Uji Materi UU Pemerintahan Aceh, Keuchik Desak Penyesuaian Masa Jabatan
INISIATIF.CO, Jakarta – Mahkamah Konstitusi (MK) menggelar sidang pemeriksaan pendahuluan terkait uji materi Pasal 115 ayat (3) Undang-Undang Nomor 11 Tahun 2006 tentang Pemerintahan Aceh, Senin (28/4/2025).
Sidang ini digelar menyusul permohonan lima keuchik dari Aceh yang menggugat masa jabatan kepala desa (keuchik) agar disesuaikan dengan ketentuan nasional.
Kelima pemohon adalah Venny Kurnia, Syukran, Sunandar, Badaruddin, dan Kadimin. Mereka menggugat konstitusionalitas ketentuan yang menyatakan, “Gampong dipimpin oleh keuchik yang dipilih secara langsung dari dan oleh anggota masyarakat untuk masa jabatan 6 (enam) tahun dan dapat dipilih kembali hanya untuk satu kali masa jabatan berikutnya.”
Sidang yang dipimpin oleh Hakim Konstitusi Arsul Sani itu menghadirkan kuasa hukum para pemohon, Febby Dewiyan Yayan. Dalam paparannya, Febby menilai ketentuan tersebut telah menghilangkan hak konstitusional para keuchik, terutama setelah berlakunya Undang-Undang Nomor 3 Tahun 2024 yang menetapkan masa jabatan kepala desa selama delapan tahun dan dapat dipilih kembali satu kali.

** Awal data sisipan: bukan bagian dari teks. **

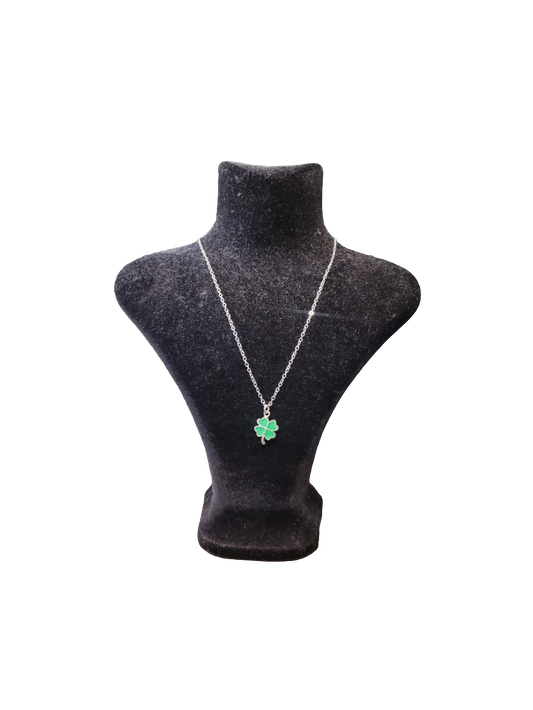 Br clover necklace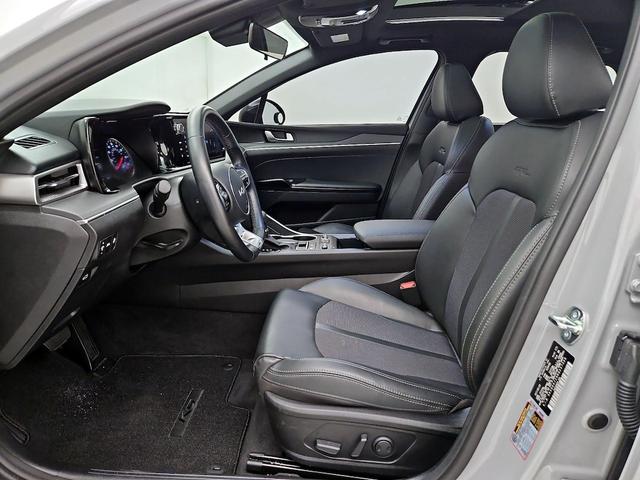 Photo of 2024 Gray Kia K5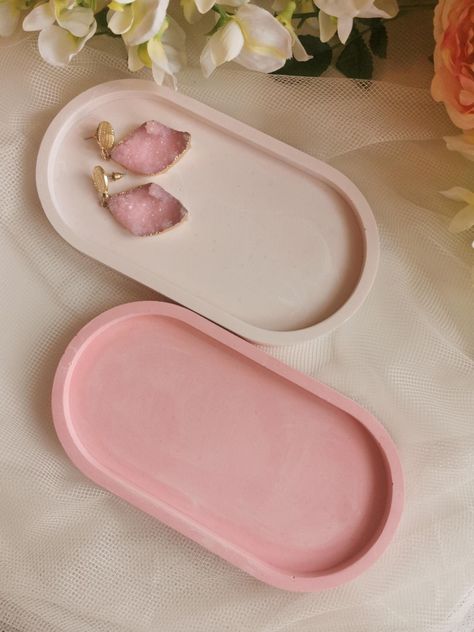 Ceramic Trinket Tray, Oval Trinket Tray, Gypsum Design, Concrete Tray, Trinket Trays, Tray Design, Table Bedside, Cement Crafts, Diy Pots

“UU Nomor 3 Tahun 2024 dan Putusan MK Nomor 92/PUU-XXII/2024 berlaku secara nasional, termasuk untuk Aceh, sejak diundangkan. Namun, pemberlakuan masa jabatan tersebut terganjal oleh ketentuan Pasal 115 ayat (3) UU Pemerintahan Aceh,” ujar Febby.
Lebih lanjut, ia menjelaskan bahwa baik DPR Aceh (DPRA) maupun Pemerintah Aceh tidak mempermasalahkan pemberlakuan UU Desa di Aceh. Hal ini dibuktikan dengan surat dari DPRA Nomor 161/1378 dan surat dari Pemerintah Aceh Nomor 400.14.1.3/11532 yang ditandatangani Pj. Gubernur Aceh, Safrizal, tertanggal 23 September 2024.
Namun, karena Pasal 115 ayat (3) masih berlaku, Febby menegaskan bahwa kewenangan untuk menyatakan suatu norma tidak lagi berlaku berada di tangan MK.
Dalam petitumnya, para pemohon meminta agar Pasal 115 ayat (3) dinyatakan tidak memiliki kekuatan hukum mengikat sepanjang tidak dimaknai “Gampong dipimpin oleh keuchik yang dipilih secara langsung dari dan oleh anggota masyarakat untuk masa jabatan 8 (delapan) tahun dan dapat dipilih kembali hanya untuk satu kali masa jabatan berikutnya.”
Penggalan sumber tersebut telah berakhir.